DOZENS of people have been killed in a suspected chemical attack in a town in Syria’s northern Idlib province, opposition activists claimed.
The Britain-based Syrian Observatory for Human Rights monitoring group put the death toll at 58, saying there were 11 children among the dead. Meanwhile, the Idlib Media Centre said dozens of people had been killed.
Hours after the attack, a small field hospital in the region was struck and destroyed, according to a civil defence worker in the area. It was the third claim of a chemical attack in just over a week in Syria. The previous two were reported in Hama province.
The Syrian American Medical Society, which supports hospitals in opposition-held territory, said it had sent a team of inspectors to Khan Sheikhoun and an investigation was under way.

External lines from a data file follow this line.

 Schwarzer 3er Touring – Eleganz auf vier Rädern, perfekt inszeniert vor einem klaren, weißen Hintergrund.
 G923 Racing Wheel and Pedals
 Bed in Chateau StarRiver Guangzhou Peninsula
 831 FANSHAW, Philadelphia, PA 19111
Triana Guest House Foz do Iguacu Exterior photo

The Syrian activists had no information on what agent could have been used in the assault. They claimed the attack was caused by an air strike carried out either by the Syrian government or Russian warplanes. Russia’s defence ministry categorically rejected the claim that its planes attacked the town with chemical weapons.

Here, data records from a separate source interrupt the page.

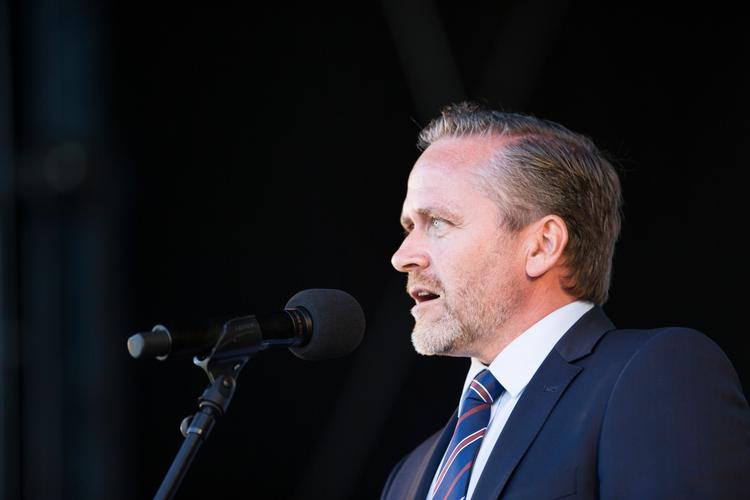 Anders Samuelsen har måttet søndag erkende, at regeringen ikke kommer igennem med lettelser af topskatten.  
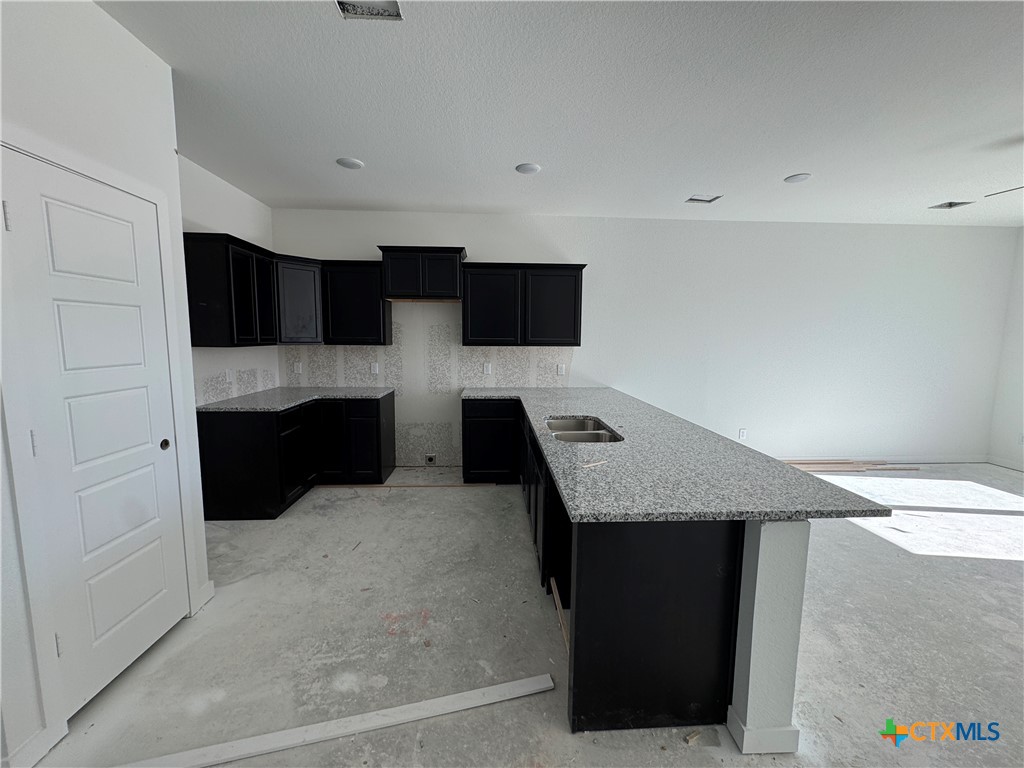 1915 Meridian Loop Temple, TX 76504 - Photo 3 of 13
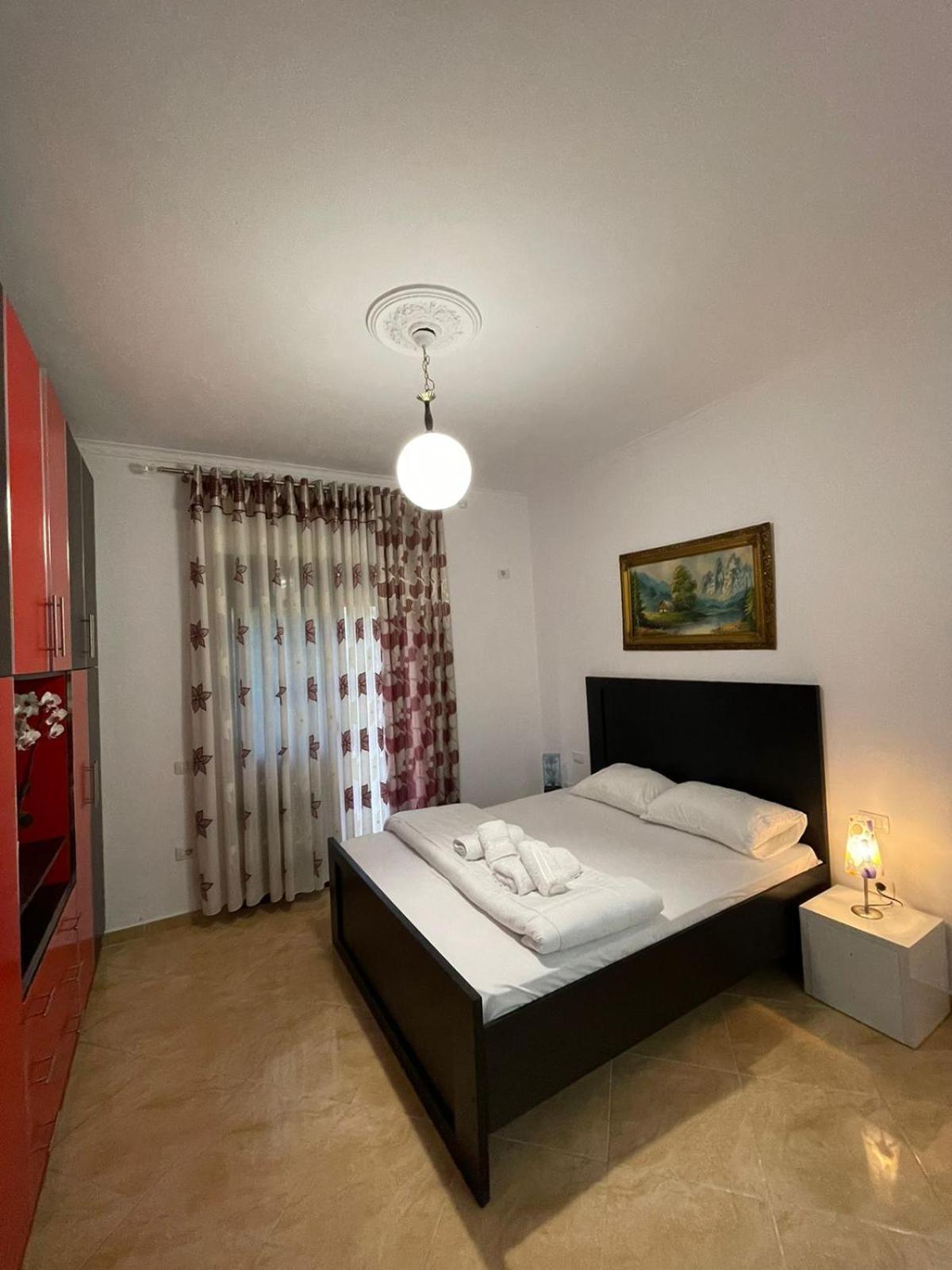 Anel'S Guesthouse Berat Exterior foto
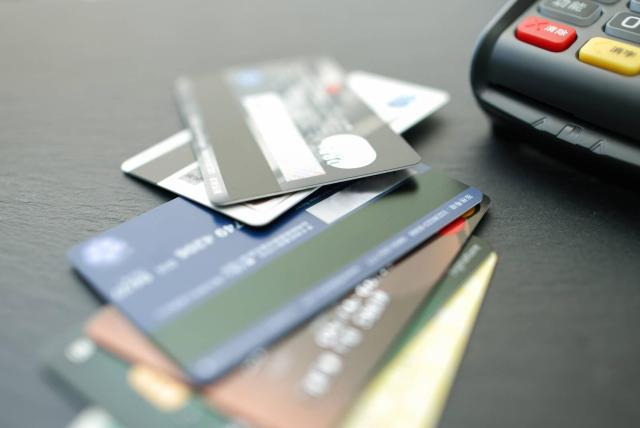 $!¿Por qué es peligroso pagar a plazos y con tarjeta de crédito las compras del supermercado?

The ministry said that “Russian air force planes haven’t dealt any strikes on Khan Sheikhoun in the province of Idlib”.
A Turkey-based Syrian woman whose niece, husband and one-year-old daughter were among those killed said the warplanes struck early, as residents were still in their beds. Makeshift hospitals soon crowded with people suffocating.
The province of Idlib is almost entirely controlled by the Syrian opposition. It is home to some 900,000 displaced Syrians, according to the United Nations. Rebels and opposition officials have expressed concerns that the government is planning to mount a concentrated attack on the crowded province. The reports came on the eve of a major international meeting in Brussels on the future of Syria and the region hosted by the EU’s High Representative, Federica Mogherini.

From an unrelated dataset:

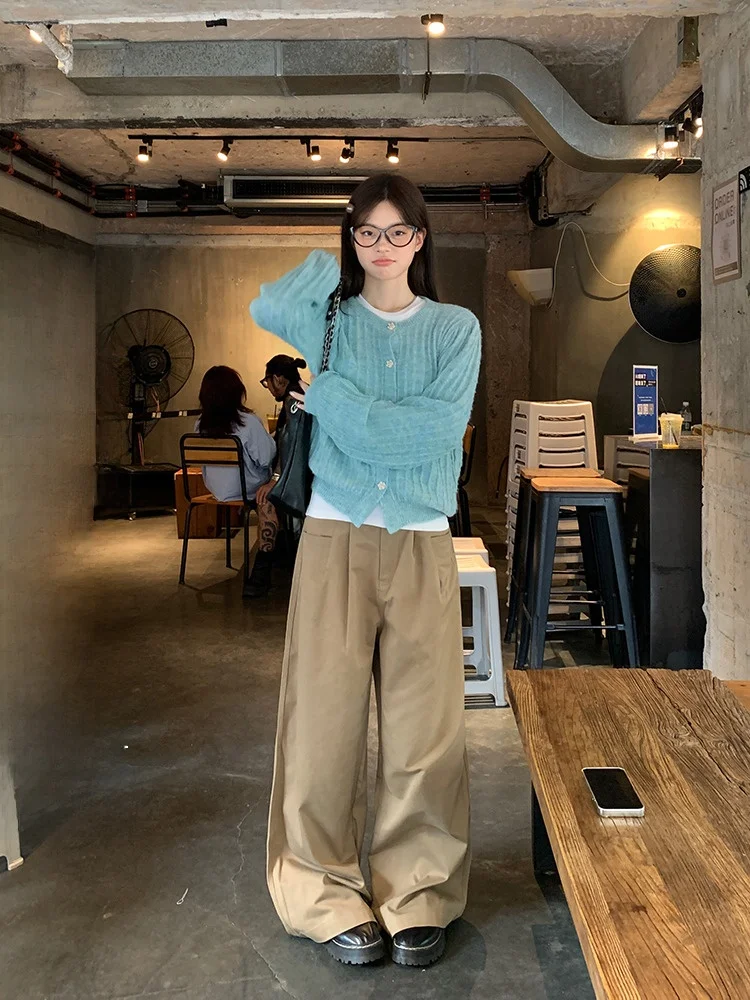 大人可愛いの本質とは？ハイネックニットトップスで徹底解説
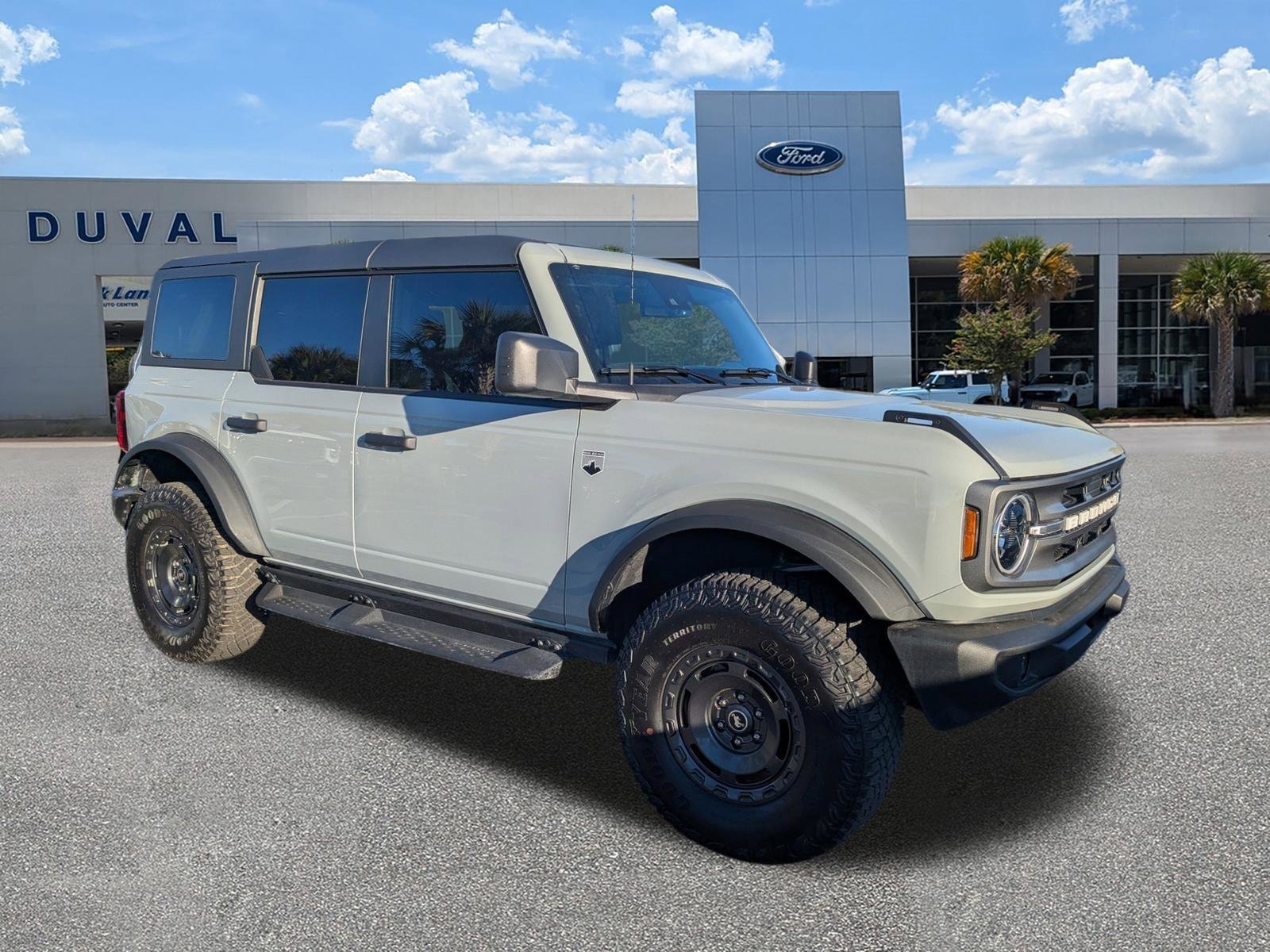 Certified 2024 Ford Bronco Big Bend image 2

Claims of chemical weapons attacks, particularly the use of the chlorine agent, are not uncommon in Syria’s conflict. The worst attack was what a UN report said was an attack by toxic sarin gas in August 2013 on the Damascus suburb of Ghouta that killed hundreds of civilians.
The Syrian government has consistently denied using chemical weapons and chlorine gas, accusing the rebels of deploying it in the war instead.
Also, a joint investigation by the United Nations and the international chemical weapons watchdog determined the Syrian government was behind at least three attacks in 2014 and 2015 involving chlorine gas and the Islamic State group was responsible for at least one involving mustard gas.
The European Union’s top diplomat said Assad’s government must assume its responsibilities following reports of the attack in northern Syria. EU foreign policy chief Federica Mogherini said that “the news is awful” and that Assad’s government “has the primary responsibility of protecting its people and not attacking its people”.
She said the attack “is a dramatic reminder of the fact that the first priority is, as in any conflict, stopping the fighting”.
Meanwhile, Britain is urging Russia and China not to block action against those responsible for the suspected chemical attack, which it is calling “a war crime”.